Im April 2015 führten bewaffnete Auseinandersetzungen zwischen der Armee und der politischen Gruppe Mouvement des Forces Démocratiques de la Casamance im Bezirk Oussouye nach Medienangaben zu Opfern auf beiden Seiten. Im Juli 2015 entführte eine unbekannte bewaffnete Gruppe in der Region Sédhiou zwölf Männer, die vier Tage später nach der Zahlung von Lösegeld wieder freigelassen wurden.

Die Zivilbevölkerung litt nach wie vor unter den Folgen des anhaltenden Konflikts. Mindestens ein Mann wurde in der Nähe des Nationalparks Basse-Casamance durch eine Landmine getötet.

Straflosigkeit

Die Behörden erklärten zwar, sie würden wegen Tötungen von Demonstrierenden, Folter und anderen Misshandlungen durch Ordnungskräfte ermitteln, tatsächlich wurden jedoch nur wenige Untersuchungen abgeschlossen und mutmaßliche Täter nur selten vor Gericht gestellt. Nur sechs der 27 Fälle von Folter, die Amnesty International seit 2007 dokumentiert hatte, führten zu strafrechtlicher Verfolgung und Schuldsprüchen, in allen Fällen ergingen milde Urteile. In Bezug auf die sieben Personen, die von Ordnungskräften bei Demonstrationen getötet worden waren, kam es in keinem einzigen Fall zu einer wirksamen strafrechtlichen Verfolgung.

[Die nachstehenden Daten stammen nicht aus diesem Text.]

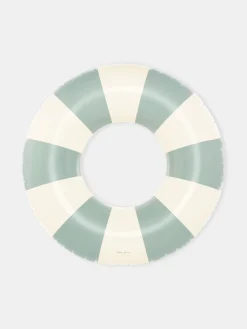 Discount CALILE SWIM RING Damen/Herren Schwimmringe|Schwimmringe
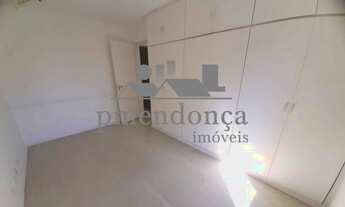 Imagem 4: 2 dormitórios na Rua Cardoso De Almeida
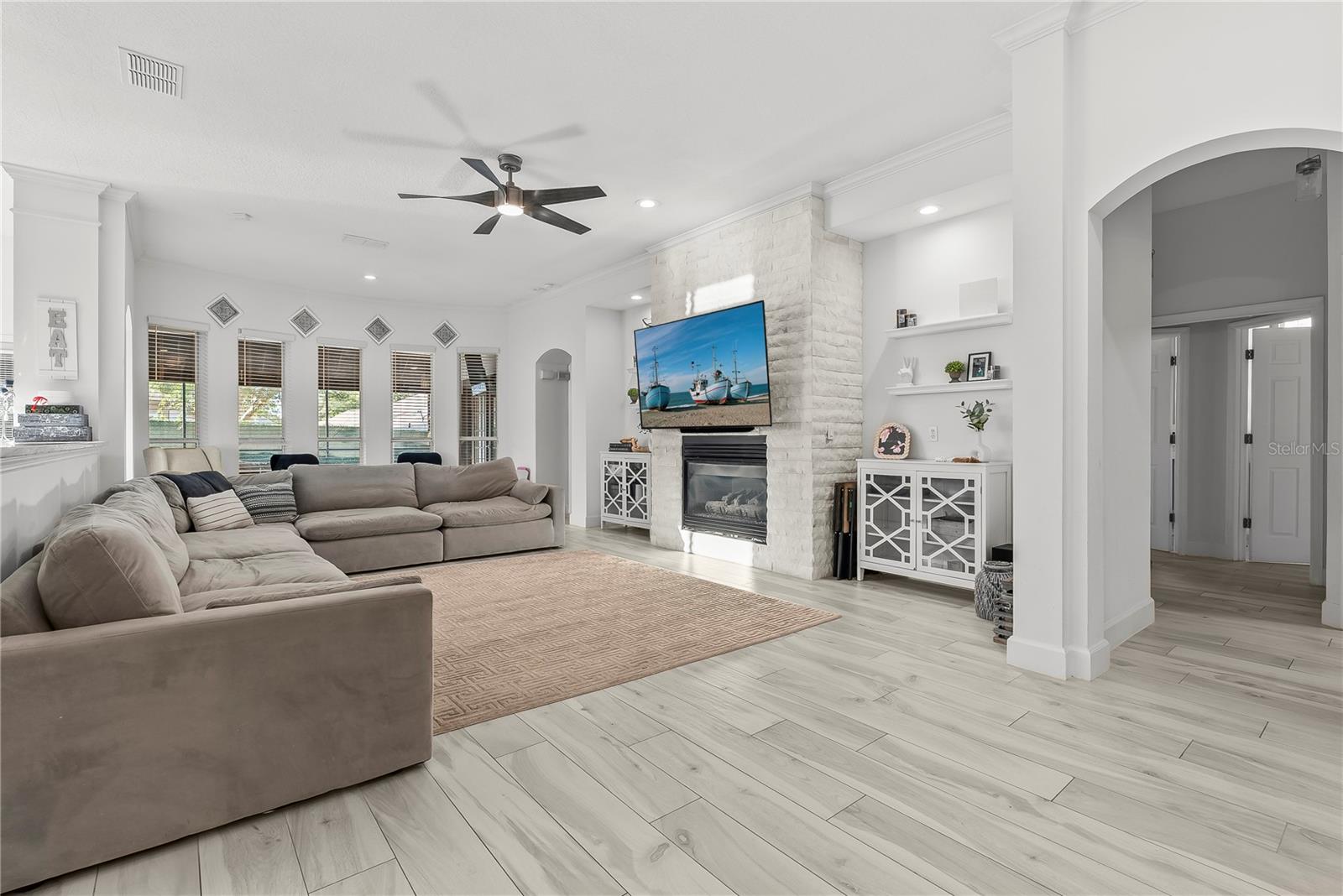 8039 SOLITAIRE CT, ORLANDO, FL, 32836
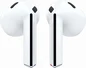 Samsung Galaxy Buds3 белый
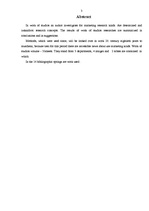 Referāts 'Mārketinga pētījuma veidi', 3.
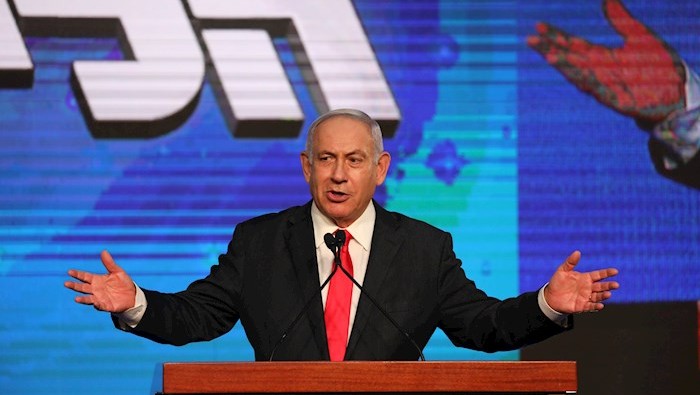 Si el Parlamento israelí no decide un candidato para formar Gobierno, el presidente Reuven Rivlin podrá elegir uno según estime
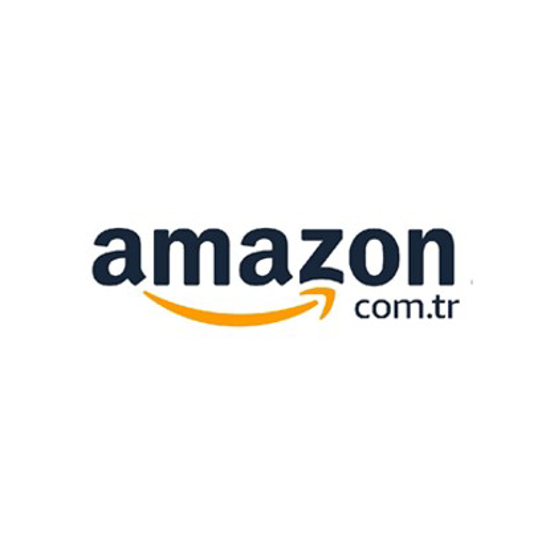 Picture of Amazon Entegrasyonu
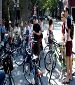 Shanghai Bicycle (China Outside Adventure)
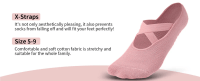 product-sub-image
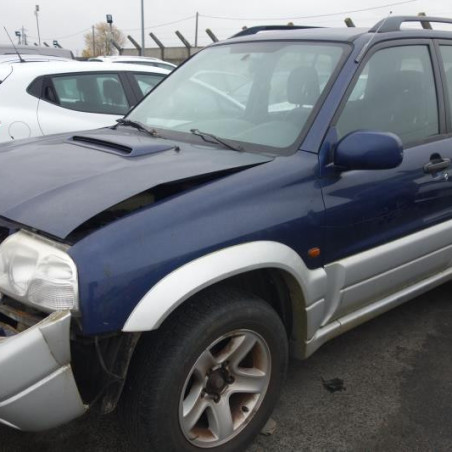 Porte arriere droit SUZUKI GRAND VITARA 1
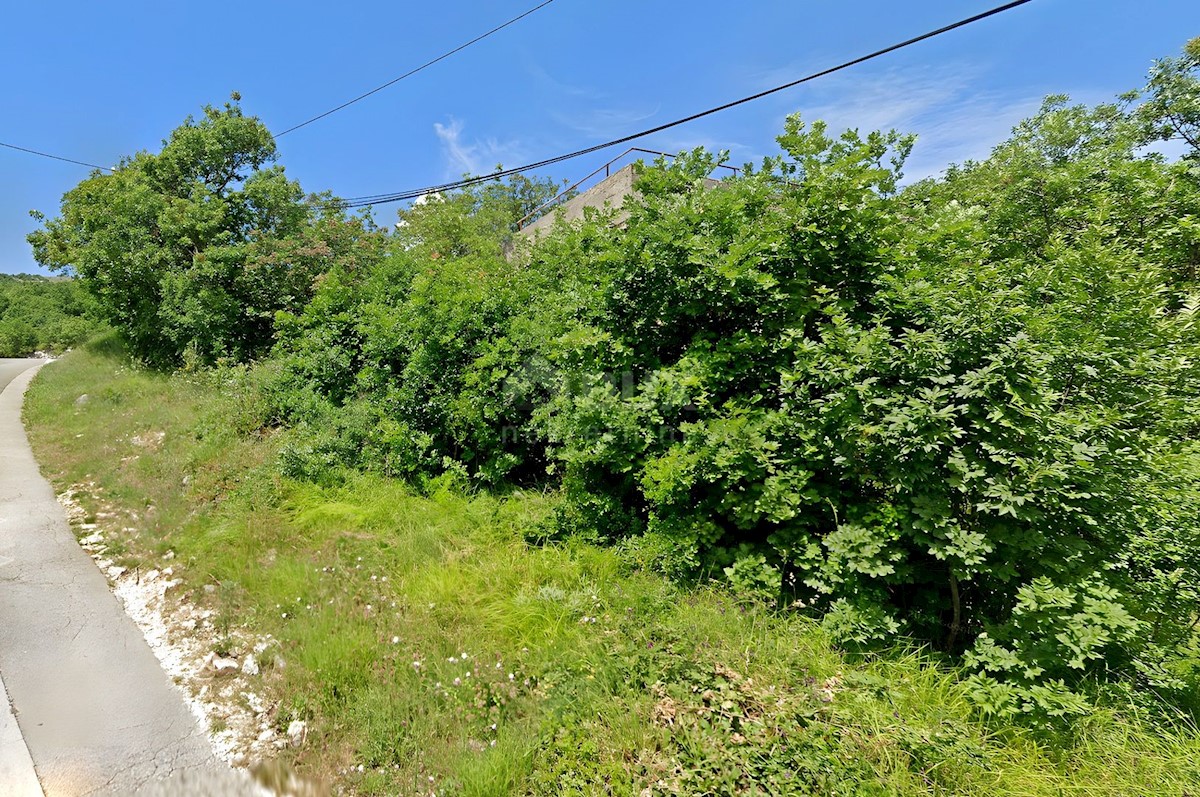 Land For sale - Primorsko-goranska Mošćenička Draga - foto 4/4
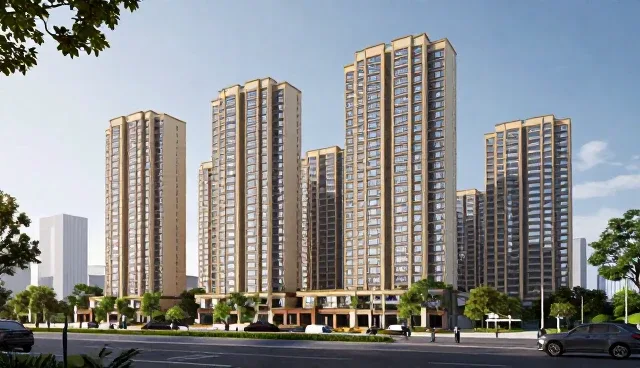 数据整理流程中常见问题与处理建议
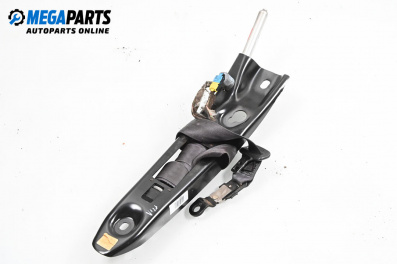 Sicherheitsgurt for Volvo XC90 I SUV (06.2002 - 01.2015), 5 türen, position: links, vorderseite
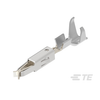 Rectangular Connector Contacts - 17-2141902-8TR-ND - DigiKey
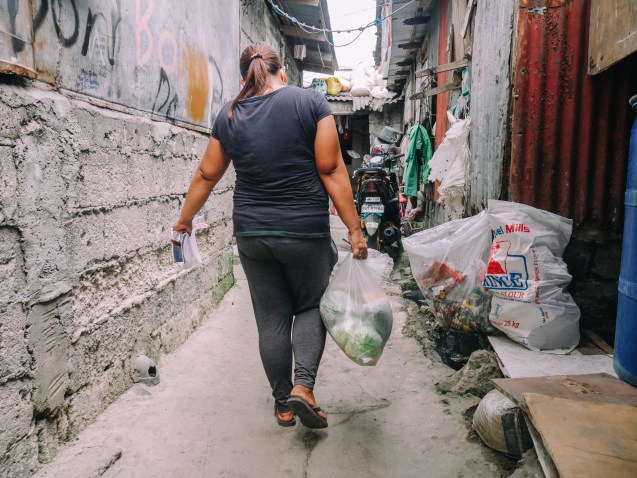 Processed with VSCO with q5 preset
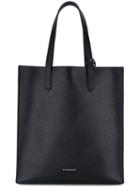 Givenchy Logo Tote Bag
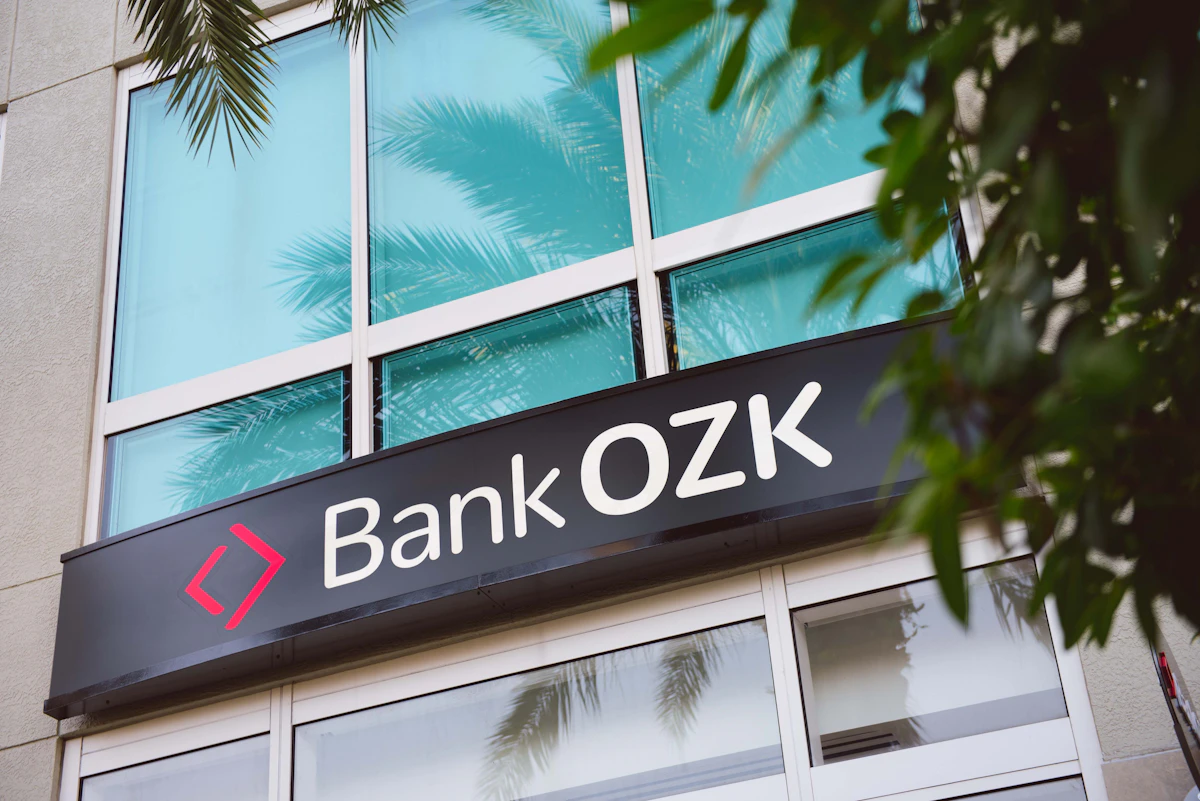 Bank branch for education loan application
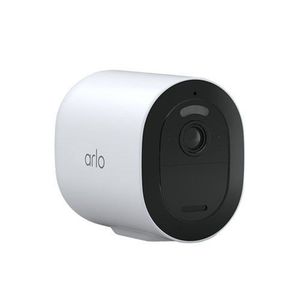 VML2030-100AUS - Arlo Go 2 4G and WiFi Battery Camera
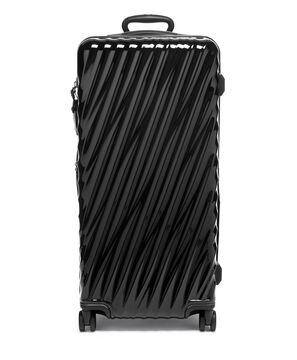 19 Degree Expandable Rolling Trunk 79,5 cm 19 Degree Expandable Rolling Trunk 79,5 cm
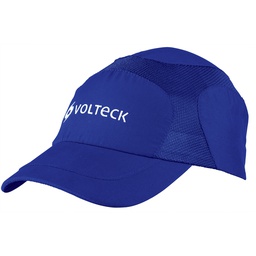 [60436] Gorra unitalla, Volteck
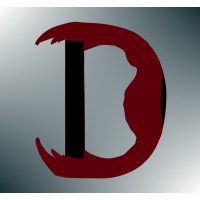 Dorylid Systems logo - Similar company to Kavango Wilderness Project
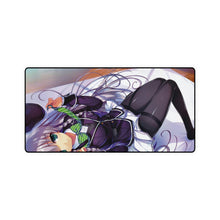 Load image into Gallery viewer, Ushinawareta Mirai Wo Motomete Mouse Pad (Desk Mat)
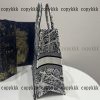 ブランド コピー dior トートバッグ 通販 代引き - nsvb45935 - 画像 (7)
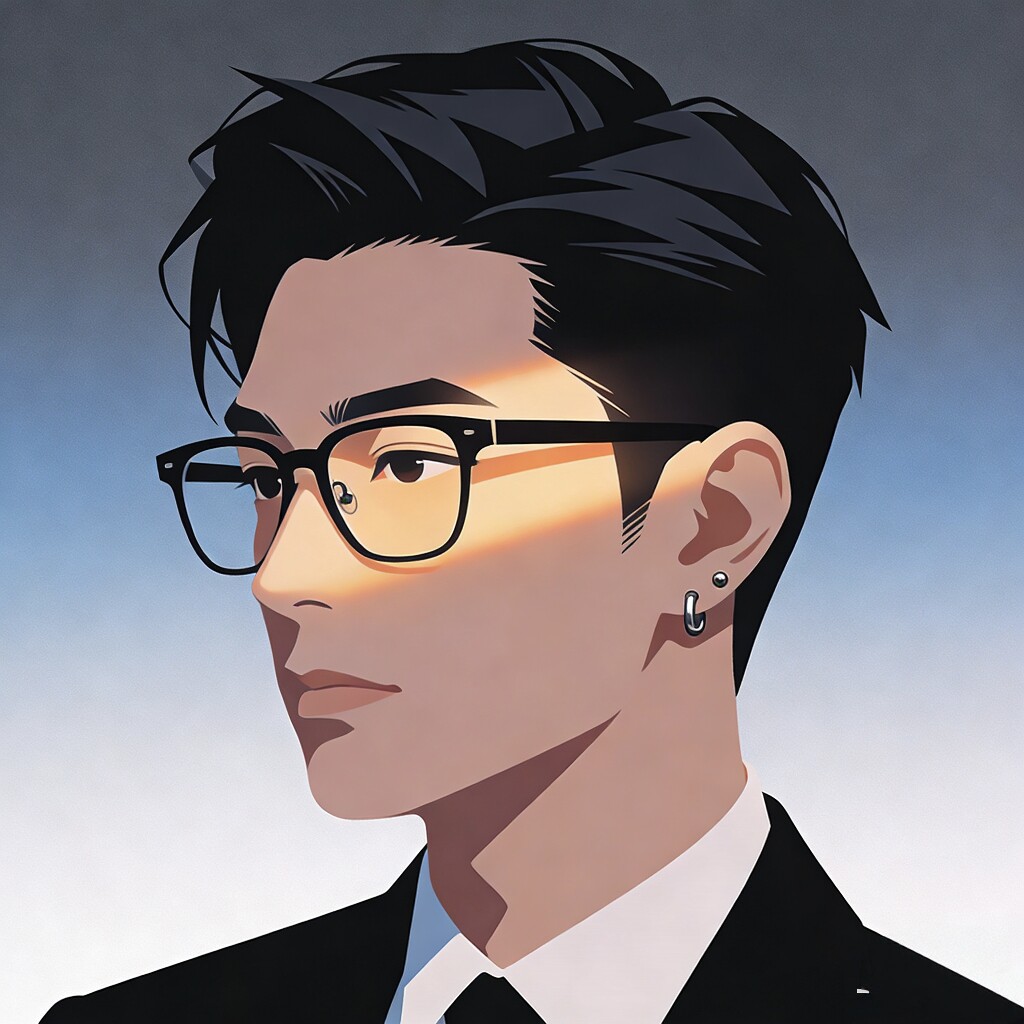 东方自媒体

Im Zusammenhang mit dem Tod von Dominique Lopy, der 2007 in Gewahrsam gestorben war, sprach das Bezirksgericht von Kolda im Januar 2015 zwei Polizeibeamte schuldig. Das Gericht verurteilte die beiden Männer wegen Anwendung von Gewalt und tätlichen Angriffen zu einer Haftstrafe von je sechs Monaten und zur Zahlung von Schmerzensgeld in Höhe von 100 000 CFA-Francs (rund 150 Euro) an die Familie des Opfers.

Rechte von Lesben, Schwulen, Bisexuellen, Transgeschlechtlichen und Intersexuellen

2015 wurden mindestens 22 Personen, darunter drei Frauen, wegen ihrer vermeintlichen sexuellen Orientierung festgenommen. Im August 2015 verurteilte ein Gericht in Dakar sieben Männer wegen "widernatürlicher Handlungen" zu sechs Monaten Haft und einer Bewährungsstrafe von 18 Monaten. Die Männer waren im Juli festgenommen worden, nachdem die Polizei ohne Durchsuchungsbefehl in eine Wohnung eingedrungen war. Einige Zeitungen enthüllten die Namen der Männer und veröffentlichten homophobe und diffamierende Kommentare. Sechs der Männer kamen in ein Gefängnis in Diourbel, das weit entfernt lag von ihren Familien und Freundeskreisen, die sie mit Lebensmitteln und Medizin versorgten.

In einem weiteren Verfahren verurteilte ein Gericht im Juli 2015 einen Mann ebenfalls wegen "widernatürlicher Handlungen" zu sechs Monaten Gefängnis. Am 25. November 2015 wurden drei Frauen in Grand Yoff festgenommen.

Am 24. Dezember 2015 nahm die Polizei elf Männer in Kaolack fest. Sie mussten fünf Tage in Haft verbringen und wurden misshandelt, u. a. durch Beleidigungen und Schläge, bevor man sie wieder freiließ.

Internationale Rechtsprechung

Im Juli 2015 begann vor den Außerordentlichen Afrikanischen Kammern in Dakar der Prozess gegen den früheren tschadischen Präsidenten Hissène Habré, dem Verbrechen gegen die Menschlichkeit, Folter und Kriegsverbrechen während seiner Amtszeit (1982–90) zur Last gelegt wurden. Es war das erste Mal, dass in einem afrikanischen Land ein ehemaliger Staatschef eines anderen Landes vor Gericht stand (siehe Länderbericht Tschad).